• **Records**
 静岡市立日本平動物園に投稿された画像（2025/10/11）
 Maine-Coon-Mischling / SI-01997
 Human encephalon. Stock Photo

...

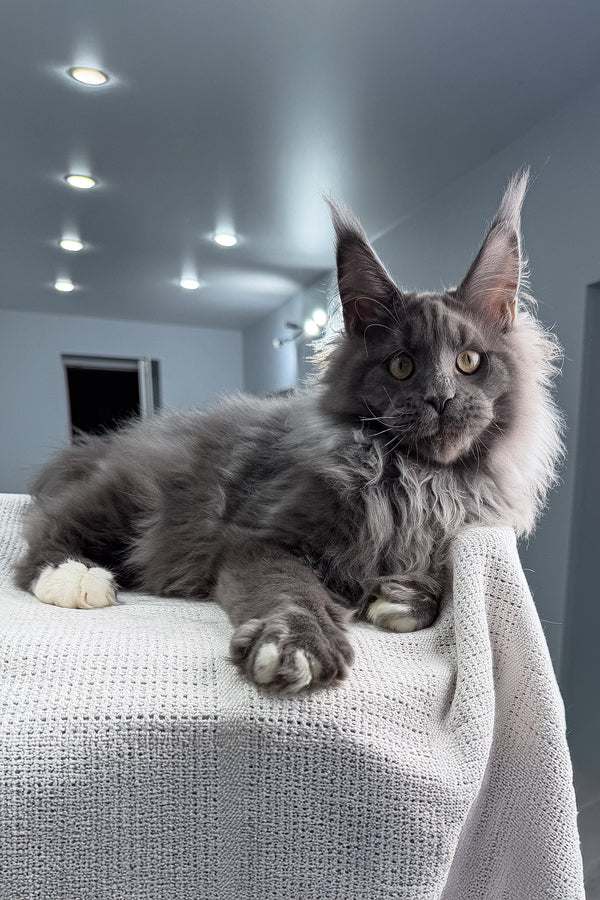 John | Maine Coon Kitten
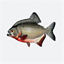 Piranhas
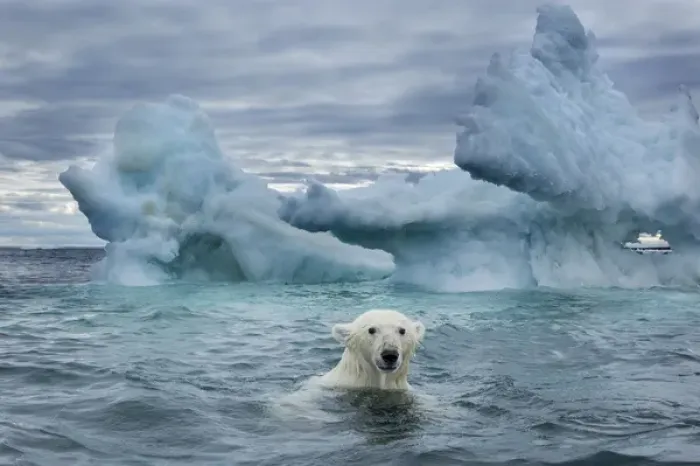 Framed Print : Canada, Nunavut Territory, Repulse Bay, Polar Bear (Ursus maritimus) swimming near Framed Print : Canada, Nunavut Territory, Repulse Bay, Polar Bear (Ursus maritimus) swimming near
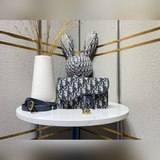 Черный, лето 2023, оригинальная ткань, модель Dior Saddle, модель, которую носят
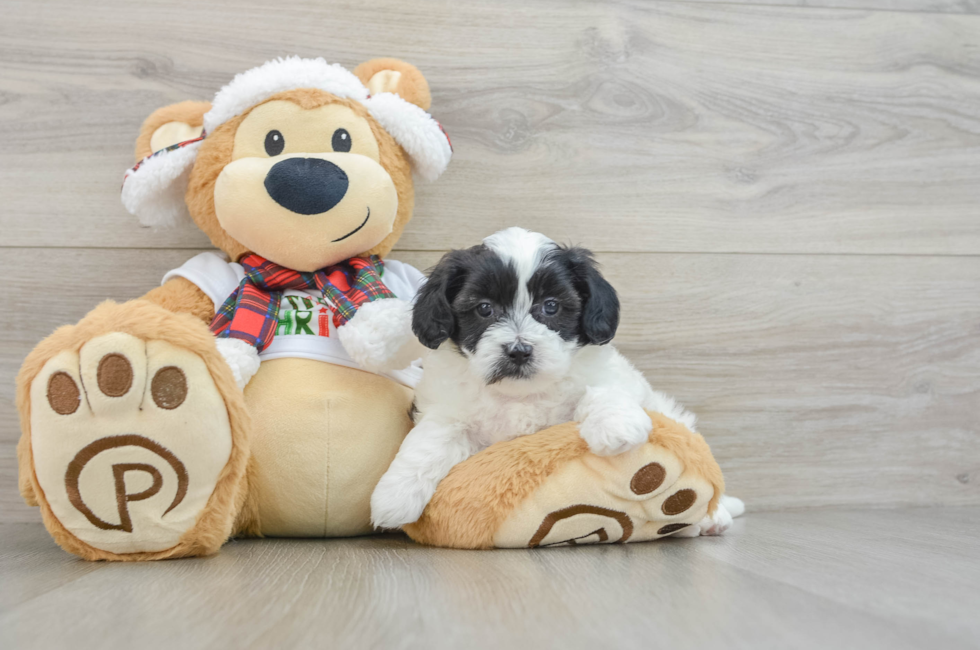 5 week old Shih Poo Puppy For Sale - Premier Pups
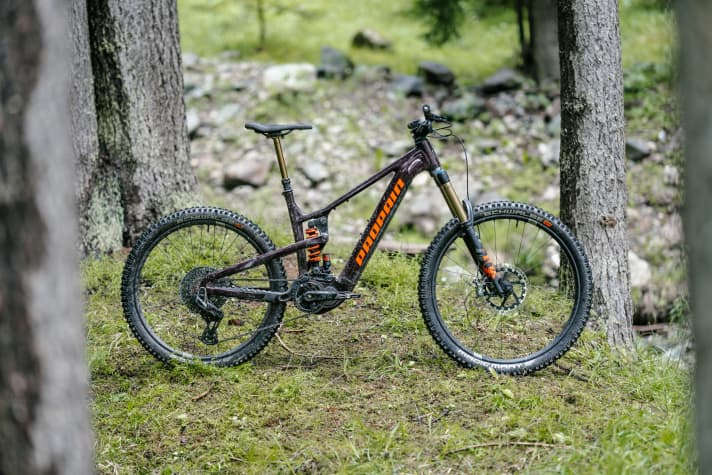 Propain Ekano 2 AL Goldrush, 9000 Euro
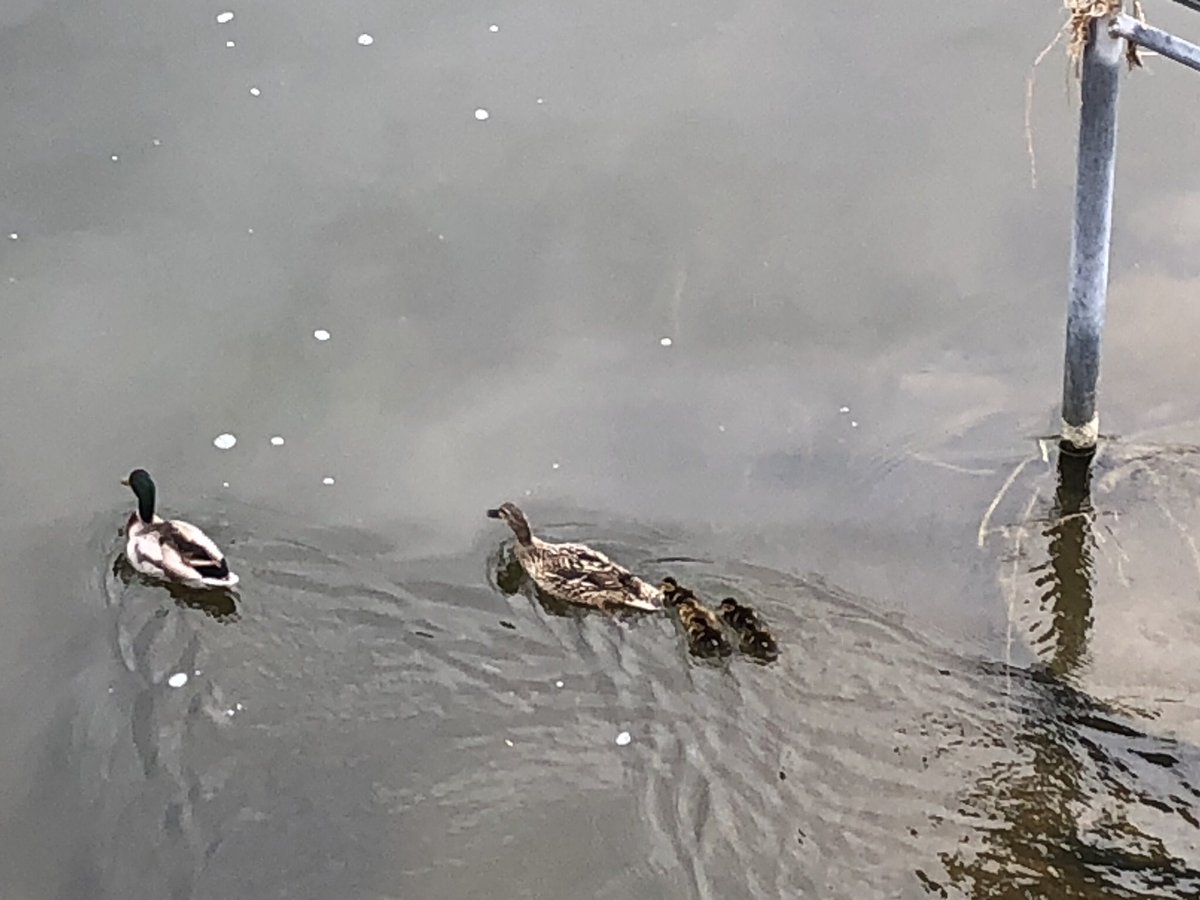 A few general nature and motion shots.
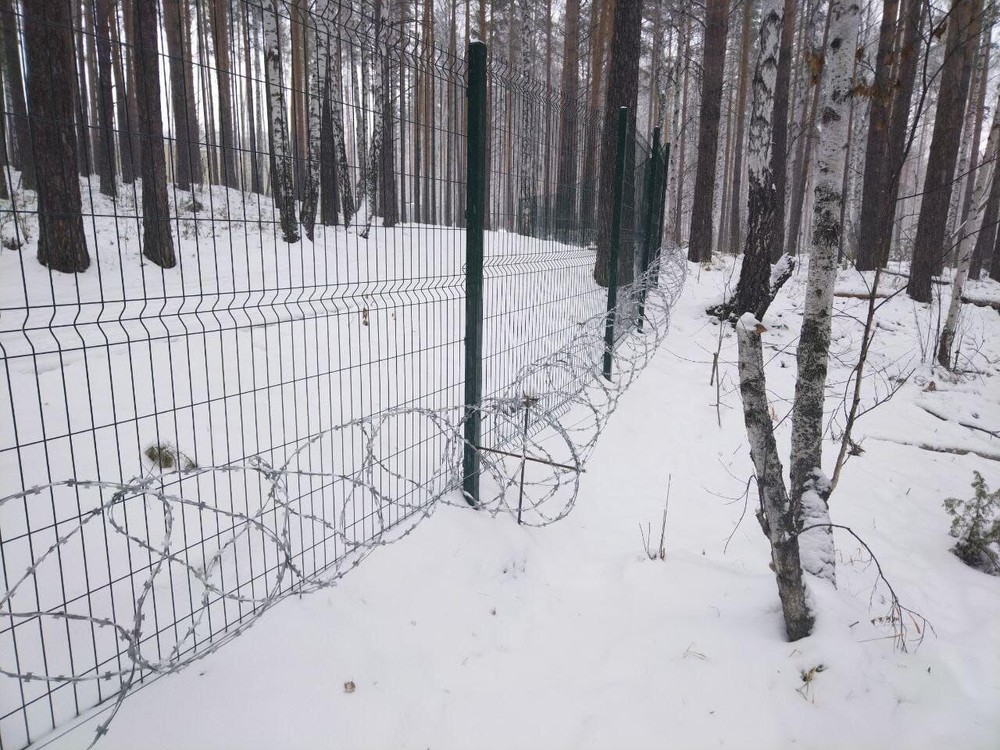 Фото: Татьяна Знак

• **Instructions for the task**
Among the entries above, copy exactly the stretch from the line holding "Propain Ekano 2 AL Goldrush, 9000 Euro" through the line holding "Фото: Татьяна Знак", leaving out any pictures.

• **Your solution**
 Propain Ekano 2 AL Goldrush, 9000 Euro
 A few general nature and motion shots.
 Фото: Татьяна Знак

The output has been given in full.